In the past decade, trials have expanded to include wearables, cell and gene therapies, and more. While expansion is always thrilling, it also brings with it more complications. Clinical research has grown beyond life sciences businesses and clinical research organizations (CROs) to creative stakeholders, including clinical development consulting, digital therapies, and biotechs concentrating on digital therapeutics and biomarkers. The success of your trial depends on keeping participants engaged and on board. The success of your study will depend on how well you can work as a team with stakeholders. Collaboration is important to keep both patients and staff interested in a clinical trial and willing to take part in it. So, how do you encourage this sense of community? Keep reading to learn more.

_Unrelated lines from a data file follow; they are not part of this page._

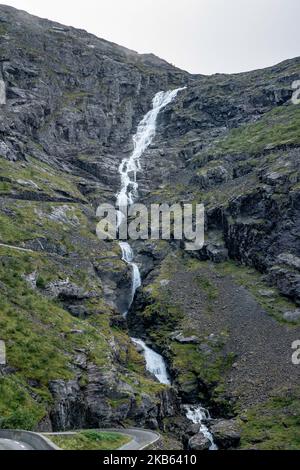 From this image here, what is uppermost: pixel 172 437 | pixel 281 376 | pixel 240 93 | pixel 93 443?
pixel 240 93

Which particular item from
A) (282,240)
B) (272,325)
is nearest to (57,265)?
(272,325)

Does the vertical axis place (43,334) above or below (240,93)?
below

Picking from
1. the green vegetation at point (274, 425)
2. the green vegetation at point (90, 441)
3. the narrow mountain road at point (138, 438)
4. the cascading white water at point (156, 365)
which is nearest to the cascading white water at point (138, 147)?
the cascading white water at point (156, 365)

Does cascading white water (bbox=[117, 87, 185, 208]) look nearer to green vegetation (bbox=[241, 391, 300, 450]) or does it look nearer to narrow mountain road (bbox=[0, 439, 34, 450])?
green vegetation (bbox=[241, 391, 300, 450])

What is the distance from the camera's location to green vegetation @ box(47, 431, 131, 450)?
36531 mm

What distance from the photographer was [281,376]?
2680 inches

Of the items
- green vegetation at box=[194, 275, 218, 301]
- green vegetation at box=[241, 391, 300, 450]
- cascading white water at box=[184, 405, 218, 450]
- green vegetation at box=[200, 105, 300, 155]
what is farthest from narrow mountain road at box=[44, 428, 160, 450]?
green vegetation at box=[200, 105, 300, 155]

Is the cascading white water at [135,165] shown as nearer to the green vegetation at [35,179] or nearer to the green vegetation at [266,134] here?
the green vegetation at [35,179]

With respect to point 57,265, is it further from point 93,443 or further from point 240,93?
point 240,93

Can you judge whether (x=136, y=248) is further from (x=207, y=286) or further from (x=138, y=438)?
(x=138, y=438)

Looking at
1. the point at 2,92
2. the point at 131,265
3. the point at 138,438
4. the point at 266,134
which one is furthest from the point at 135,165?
the point at 138,438

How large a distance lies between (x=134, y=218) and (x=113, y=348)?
2308 inches

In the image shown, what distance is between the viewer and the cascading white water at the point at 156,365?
74.7m

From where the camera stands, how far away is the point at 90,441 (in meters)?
40.0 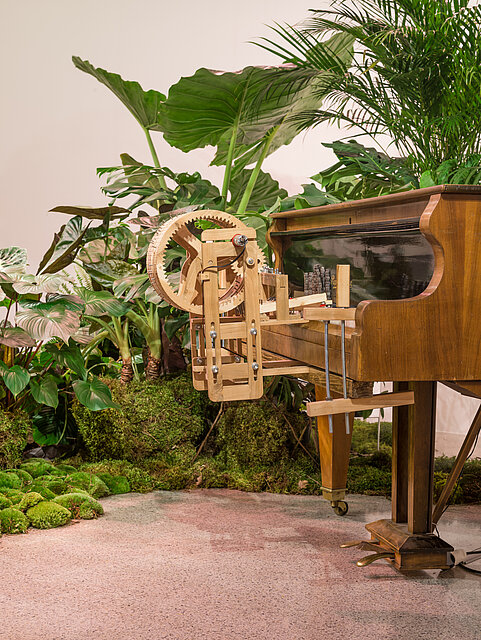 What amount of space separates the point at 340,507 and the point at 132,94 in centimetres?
296

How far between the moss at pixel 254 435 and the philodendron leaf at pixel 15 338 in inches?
52.8

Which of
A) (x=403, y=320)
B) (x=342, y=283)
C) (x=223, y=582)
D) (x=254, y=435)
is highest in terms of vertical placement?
(x=342, y=283)

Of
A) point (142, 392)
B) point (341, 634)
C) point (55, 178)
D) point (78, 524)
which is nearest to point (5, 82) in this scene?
point (55, 178)

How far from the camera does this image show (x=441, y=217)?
2311 mm

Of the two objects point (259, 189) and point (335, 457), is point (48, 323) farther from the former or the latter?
point (259, 189)

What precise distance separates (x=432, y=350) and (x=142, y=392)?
2766 millimetres

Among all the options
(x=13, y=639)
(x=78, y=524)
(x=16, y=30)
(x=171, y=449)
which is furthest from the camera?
(x=16, y=30)

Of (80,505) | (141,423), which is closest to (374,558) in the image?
(80,505)

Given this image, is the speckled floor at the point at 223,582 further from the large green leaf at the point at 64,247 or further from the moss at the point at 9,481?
the large green leaf at the point at 64,247

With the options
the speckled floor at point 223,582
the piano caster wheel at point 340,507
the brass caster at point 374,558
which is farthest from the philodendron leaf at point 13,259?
the brass caster at point 374,558

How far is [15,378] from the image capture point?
4180 mm

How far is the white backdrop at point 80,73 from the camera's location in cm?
677

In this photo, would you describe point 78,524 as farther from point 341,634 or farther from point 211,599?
point 341,634

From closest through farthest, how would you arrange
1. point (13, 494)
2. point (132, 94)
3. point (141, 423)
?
point (13, 494) < point (141, 423) < point (132, 94)
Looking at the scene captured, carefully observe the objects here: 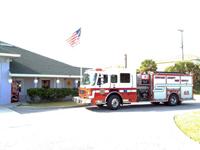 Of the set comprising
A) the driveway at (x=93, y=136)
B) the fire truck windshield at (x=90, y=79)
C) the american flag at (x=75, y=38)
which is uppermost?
the american flag at (x=75, y=38)

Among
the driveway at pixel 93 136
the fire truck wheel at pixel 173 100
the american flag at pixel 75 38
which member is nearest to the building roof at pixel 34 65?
the american flag at pixel 75 38

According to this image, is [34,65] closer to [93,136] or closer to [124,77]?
[124,77]

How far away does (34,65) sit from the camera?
26875 millimetres

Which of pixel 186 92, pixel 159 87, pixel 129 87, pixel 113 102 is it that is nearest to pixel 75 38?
pixel 129 87

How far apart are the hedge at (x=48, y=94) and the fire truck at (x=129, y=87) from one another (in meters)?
5.32

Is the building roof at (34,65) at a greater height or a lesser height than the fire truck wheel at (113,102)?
greater

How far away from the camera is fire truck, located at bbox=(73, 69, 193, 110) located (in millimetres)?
17706

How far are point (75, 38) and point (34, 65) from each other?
626cm

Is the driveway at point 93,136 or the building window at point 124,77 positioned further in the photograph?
the building window at point 124,77

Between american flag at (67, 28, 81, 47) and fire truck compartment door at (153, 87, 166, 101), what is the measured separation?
7352 mm

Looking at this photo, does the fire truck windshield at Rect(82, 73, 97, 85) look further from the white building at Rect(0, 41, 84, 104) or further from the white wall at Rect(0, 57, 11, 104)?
the white wall at Rect(0, 57, 11, 104)

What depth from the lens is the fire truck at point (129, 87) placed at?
17706 millimetres

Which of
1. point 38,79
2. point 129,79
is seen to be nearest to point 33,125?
point 129,79

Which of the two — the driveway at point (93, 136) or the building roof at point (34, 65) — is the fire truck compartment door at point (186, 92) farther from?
the building roof at point (34, 65) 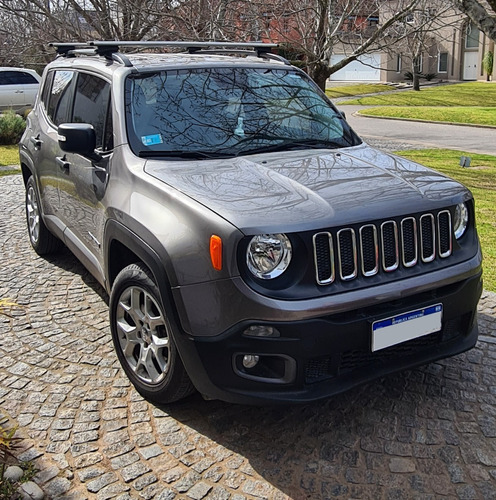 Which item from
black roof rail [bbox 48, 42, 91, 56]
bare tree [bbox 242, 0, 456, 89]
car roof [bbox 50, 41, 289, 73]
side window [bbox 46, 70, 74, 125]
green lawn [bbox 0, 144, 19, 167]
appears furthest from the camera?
green lawn [bbox 0, 144, 19, 167]

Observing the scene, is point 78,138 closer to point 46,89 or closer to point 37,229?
point 46,89

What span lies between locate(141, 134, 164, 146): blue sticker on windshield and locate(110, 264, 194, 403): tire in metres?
0.83

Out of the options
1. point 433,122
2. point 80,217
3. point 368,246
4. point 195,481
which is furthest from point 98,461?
point 433,122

Help patients and onsite staff feel like part of the team
Participants are typically inspired to participate in a trial as they feel like “giving back. Site employees are motivated by knowing their work will improve lives. Every interaction with patients and employees is a chance to establish a rapport among them. This might sound simple, but it’s challenging. Today’s mobile technology makes it easier than ever to share clinical research results with your team and patients, whether it’s patients and site personnel checking in before a clinic visit or the study team discussing trial milestones. Everyone participating in the at home clinical trials will receive updates from anywhere, on devices they are accustomed to and always carry on their devices; but most importantly, rather than receiving emails, they can connect, fostering that genuine sense of a team.
Keep everyone updated.
Strong teams have open lines of communication. To effectively explain and carry out the study, site staff benefits from being up-to-date on the most recent protocols. For patients, it’s important to know what to expect during clinic visits and to have faith in the trial process. One way to make it easier for people to talk to each other is to set up a central hub where research staff and participants can all access and share information. Whether it’s a critical protocol change or a routine progress-sharing exercise, you can update everyone participating in your project on a single platform.
Making face time count
Using the same technologies lets sponsors and CROs spend important time onsite with investigators and coordinators talking about scientific details, recruitment issues, and patient support initiatives. Relationships are everything during clinical trials. Thus, everyone wins when technology helps the relationship rather than hurting it.
Give patients a great experience,
A positive trial experience can result in patients having a greater appreciation for clinical research. Also, they are more likely to take part in another study and change how other patients feel, both those who are already in trials and those who are thinking about joining. Also, a web-based clinical trial platform that can be used on mobile devices can handle everything from consent to clinic visits, making daily tasks easier. So, clinic sessions are easy, interesting, and reassuring for patients, and they are interactive with a simple checklist. Videos and surveys can replace dry, detailed documentation. Also, patients and site staff can find the data they need, when they need it, using a dashboard that is known to them.
The future of trials is not in interpreting complex paper protocols and keeping stakeholder information in silos. Instead, it’s about using technology to make everything and everyone work together flawlessly. One outstanding trial team will be responsible for an outstanding trial experience.